Il genitore moderno ha capovolto i rapporti familiari.
Generalmente nella dinamica genitore-figlio è il figlio che prova l’esigenza di sentirsi amato dal genitore, è il figlio che ricerca l’approvazione di mamma e papà, è il figlio che ha bisogno di sentirsi amato dai propri genitori. Oggi questo rapporto è capovolto e sono quindi i genitori a sentire l’esigenza di sentirsi amati dai loro figli a causa dell’idea malsana di dover eliminare qualsiasi disagio al bambino, della convinzione che contrattare un desiderio del figlio corrisponde ad entrare in conflitto con il figlio.
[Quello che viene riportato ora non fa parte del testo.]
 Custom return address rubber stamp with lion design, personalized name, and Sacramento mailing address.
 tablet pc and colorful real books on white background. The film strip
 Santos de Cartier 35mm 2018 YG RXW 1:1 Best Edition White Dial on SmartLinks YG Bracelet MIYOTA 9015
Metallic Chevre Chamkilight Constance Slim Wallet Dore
Per dimostrargli comprensione, si finisce con l’assecondarli in tutto.
Il concetto di comprensione è assolutamente giusto ma ciò non significa che non si possa dire di no! Comprendere non significa assecondare, comprendere, significa essere in grado di capire l’emozione, il sentimento che sta provando, e in questo caso distinguerlo dal comportamento più o meno consono che sta attuando per esprimere il suo dissenso o manifestare un’esigenza e comportarsi di conseguenza. Comprendere è una parola carica di pathos, è prendere con, includere, contenere: “il tuo comprendo” ovvero “io ti prendo con… Me”, potremmo dire, come un abbraccio che è molto importante ed è carico di significato. Ma comprendere non significa viziare. “Ti comprendo nel sentimento ma ti educo nel comportamento”, cosa c’è di più bello da dire a un figlio?!
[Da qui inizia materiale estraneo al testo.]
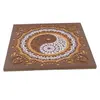 Decoratiune patrata layered cu simbolul Yin Yang, maro cu portocaliu - 21cm, imagine 2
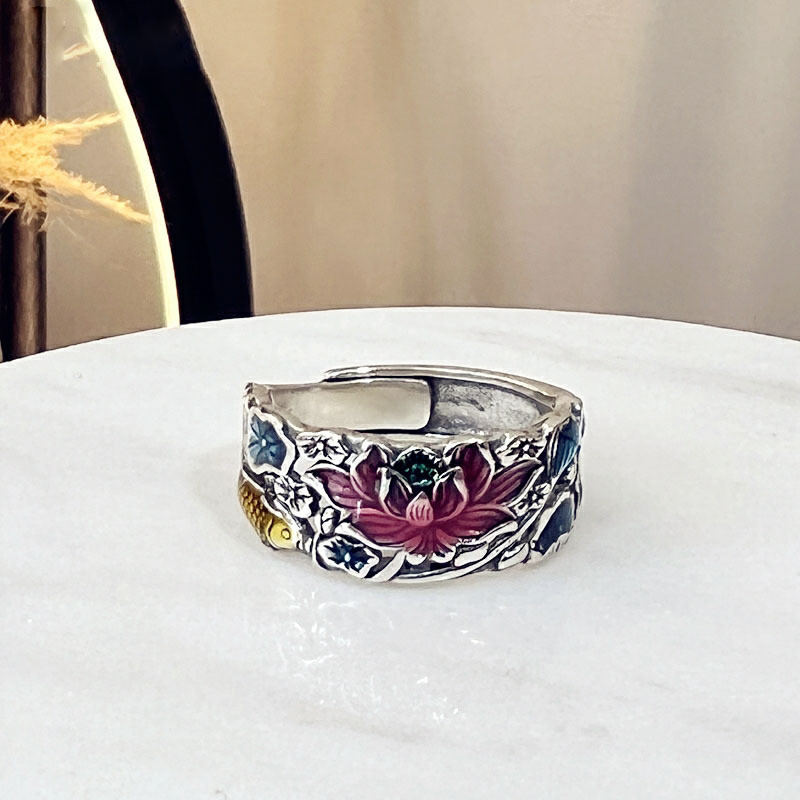 Nhẫn mở phong cách dân tộc bằng bạc sterling xanh men vintage thanh lịch
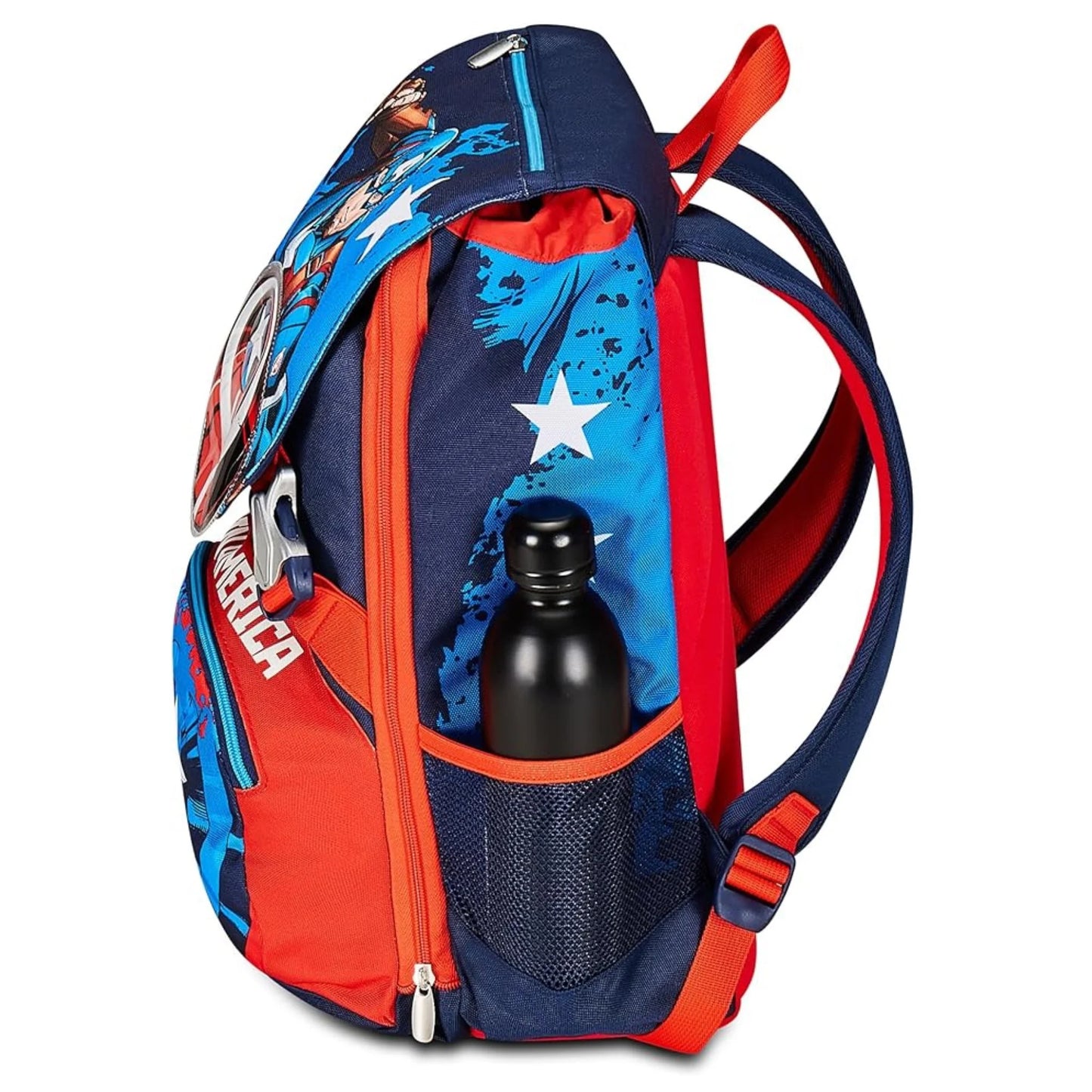 Seven Extendable Captain America Legendary Avenger Backpack 3D Shield with Water Bottle Pocket Blue Red Marvel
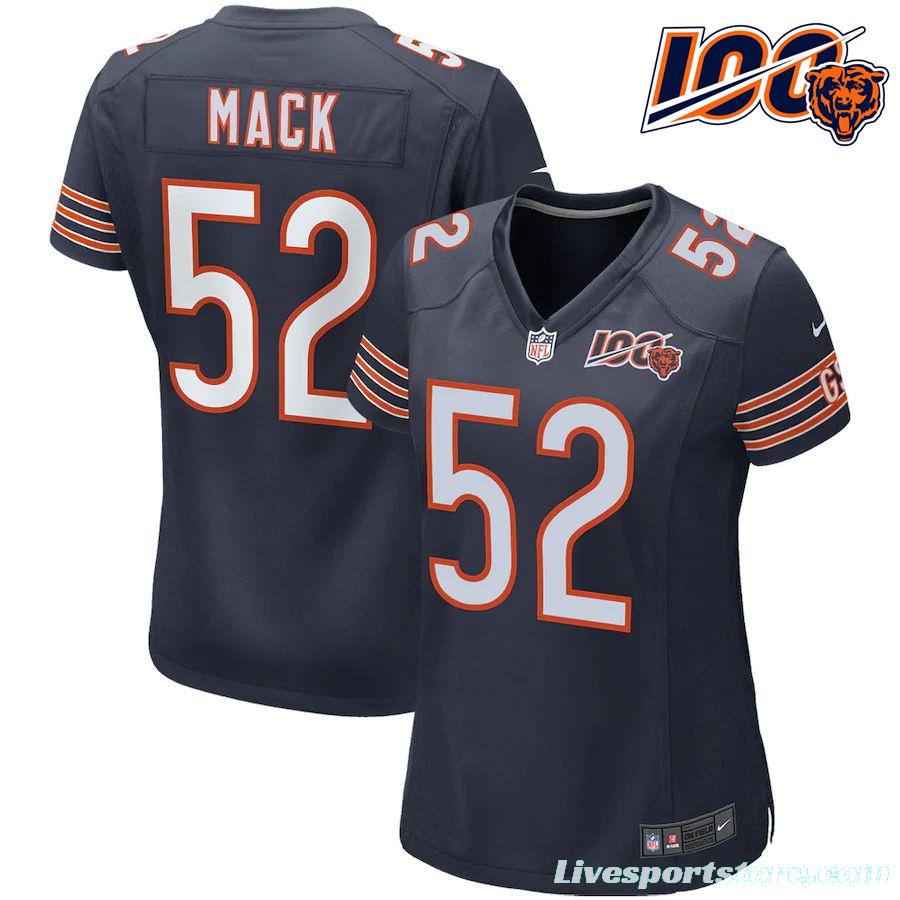 Women's Khalil Mack Navy 100th Season Player Limited Team Jersey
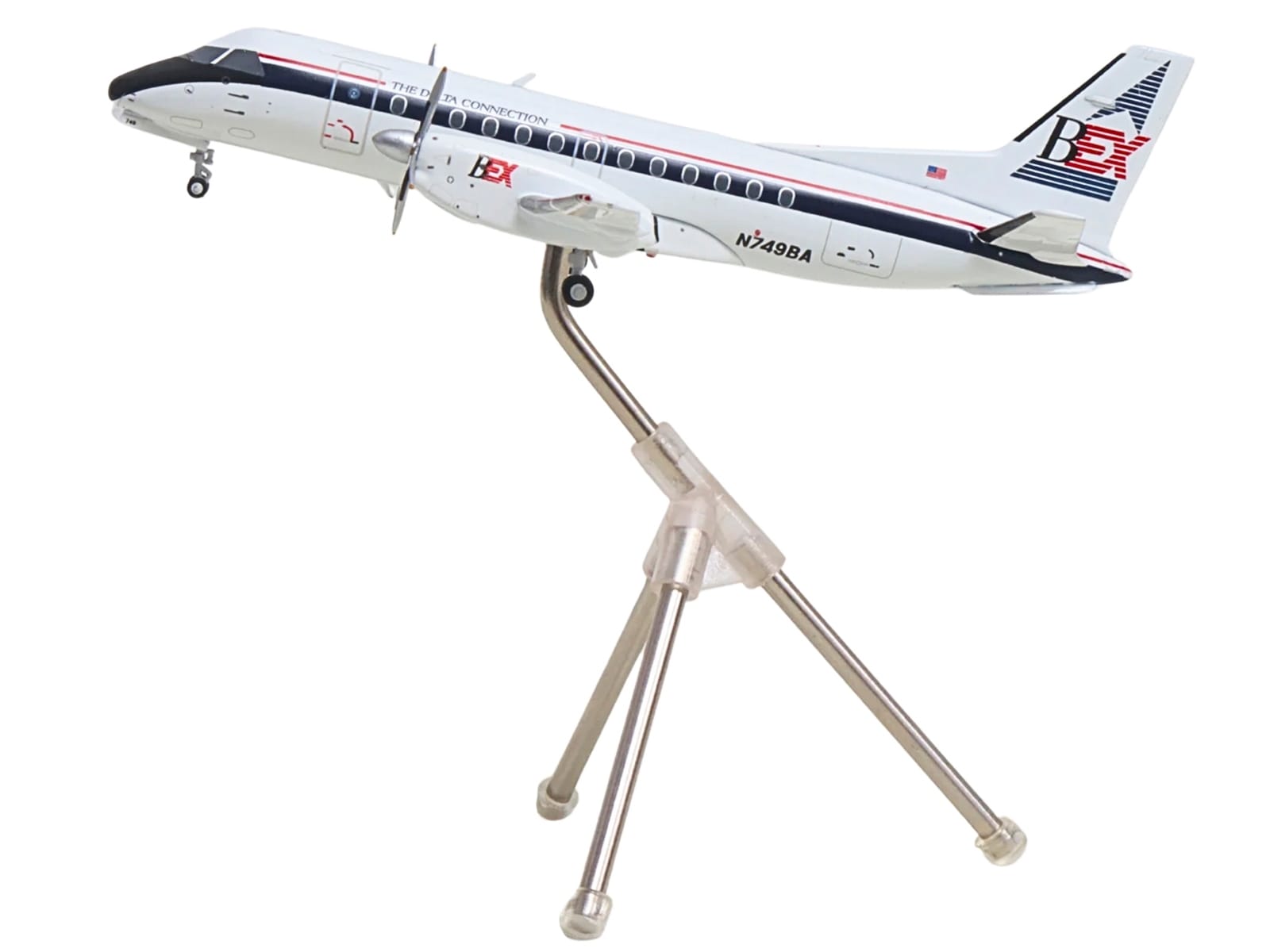 Saab 340A Commercial Aircraft "Delta Connection - Business Express Airlines" (N749BA) White with Dark Blue and Red Stripes "Gemini 200" Series 1/200 Diecast Model by GeminiJets - Image 2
Per combattere la figura del genitore rigido, quello che non è in grado di comprendere i figli, i loro sentimenti e le loro esigenze, per contrastare il concetto del genitore che non li ascolta e che decide in modo esclusivamente suo per loro, siamo arrivati a sconvolgere totalmente questo rapporto e il bisogno di riconoscimento è diventato il bisogno dell’adulto.
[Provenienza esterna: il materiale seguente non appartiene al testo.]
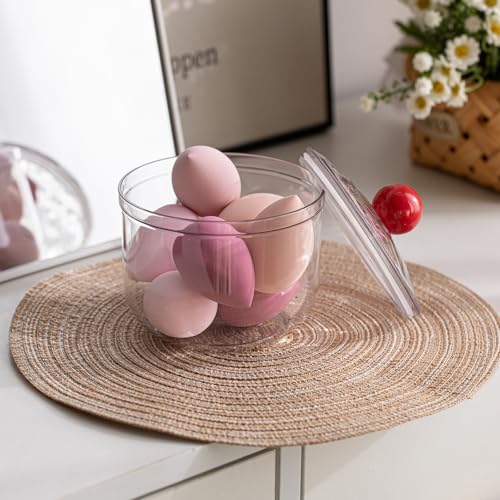 KEKEHOME 900ml Clear Plastic Candy Jar with Airtight Lid for Storage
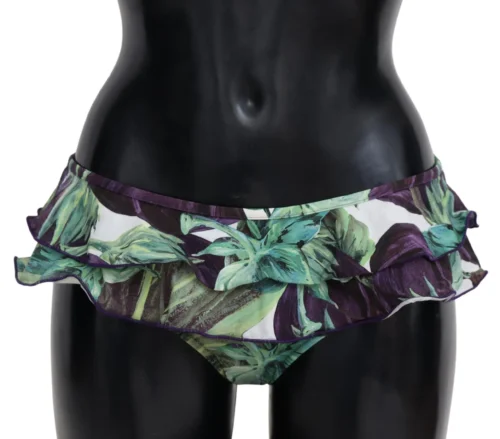 Dolce & Gabbana Women's Eggplant Print Green Bikini Bottom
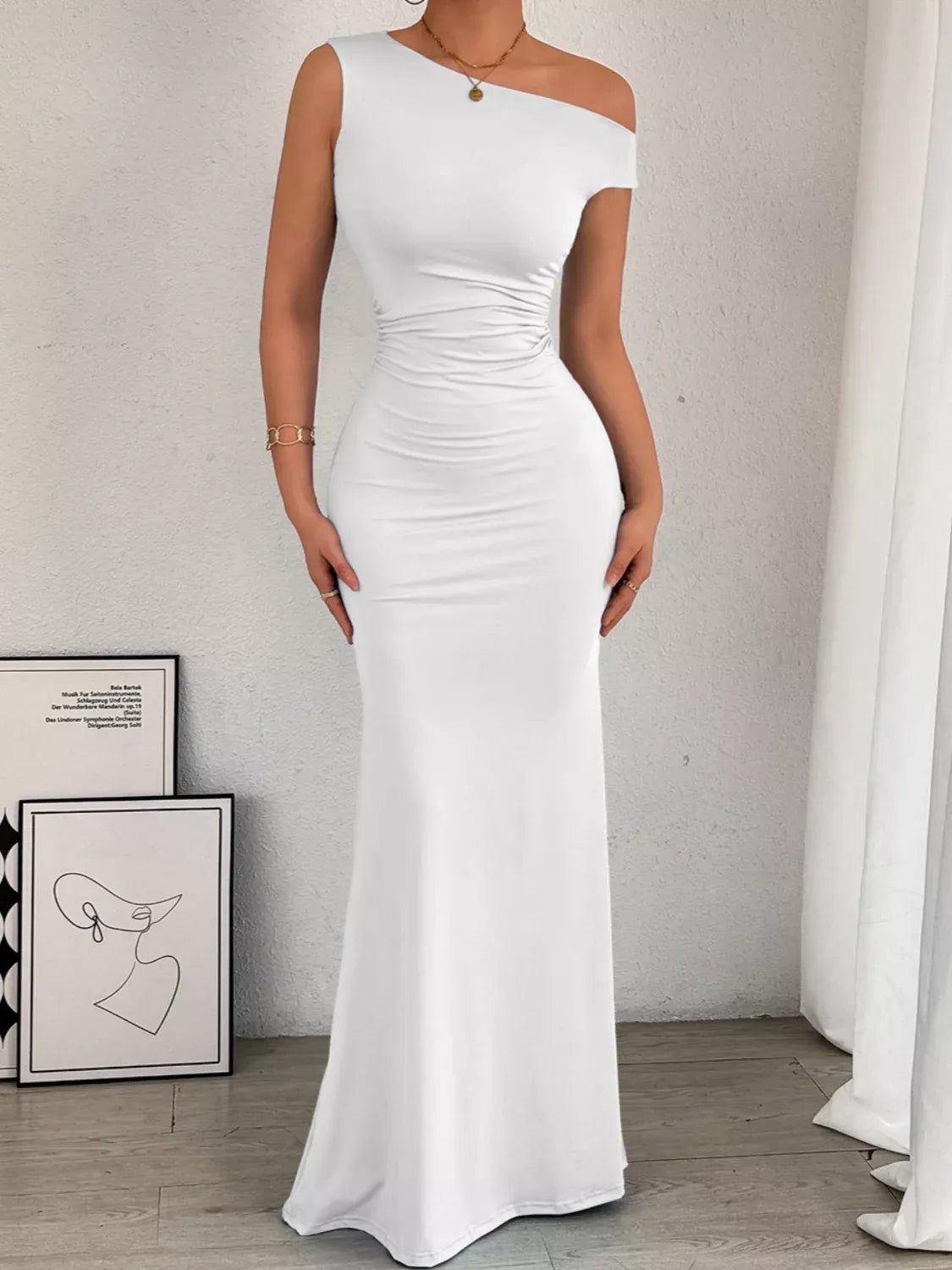 Trendsi White / XS One-Shoulder Ruched Bodycon Maxi Dress 100100605435226 One-Shoulder Ruched Bodycon Maxi Dress Apparel & Accessories > Clothing > Dresses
Come sempre e come dicevano gli antichi, in medio stat virtus, perciò non è raccomandabile essere una figura genitoriale rigida, ma non è buono, anzi è totalmente fuorviante e nocivo, un genitore”morbido” che per sentirsi accettato e amato dai propri figli li accontenta in ogni richiesta, li educa al sentirsi assecondati e soddisfatti in tutto. Oggi, il genitore ha smarrito il suo ruolo, al quale non viene dato un barlume del riconoscimento che merita, e questo si rispecchia inevitabilmente nella società e nelle figure intorno ai bambini e ragazzi, come per esempio maestri e professori, che sostituiscono la figura del genitore fuori da casa. In questo modo, la funzione educativa viene affidata solo all’esterno della famiglia, ma rimane estremamente difficile riconoscere una figura “estranea” come autorevole se il bambino non riconosce questa autorevolezza nemmeno ai propri genitori. Se il bambino cresce in questa dinamica distorta, in cui è lui a detenere il potere, è lui a decidere ed è lui quello di cui devono essere soddisfatte le esigenze, in maniera del tutto normale questa dinamica viene riportata, viene richiesta anche al di fuori della famiglia, provocando non pochi problemi anche nella società e nel rapporto con gli altri. I genitori, per eliminare il disagio al figlio e per evitare il conflitto con il figlio, adottano un dialogo che in realtà è una “contrattazione” tra pari surreale e inappropriata, perché è gravissima sotto ogni aspetto: mentre uno si innalza di livello l’altro si abbassa. Infatti, il bambino, durante la contrattazione, si crede al pari del genitore e sullo stesso livello decisionale, l’adulto, invece, che dovrebbe saper decidere da sé ed indicare qual è il bene per il figlio, si abbassa al livello del bambino in un momento in cui questo non è necessario, perde autorevolezza e agli occhi del figlio appare alla stregua di un amichetto. Questa dinamica che comprende la contestazione della decisione dell’adulto, la contrattazione, la pretesa del perché e del come, porta il piccolo alla convinzione di poter decidere, di potersi inserire nelle decisioni dei grandi e di poterle contestare, Insomma di poter dire la sua sempre e comunque!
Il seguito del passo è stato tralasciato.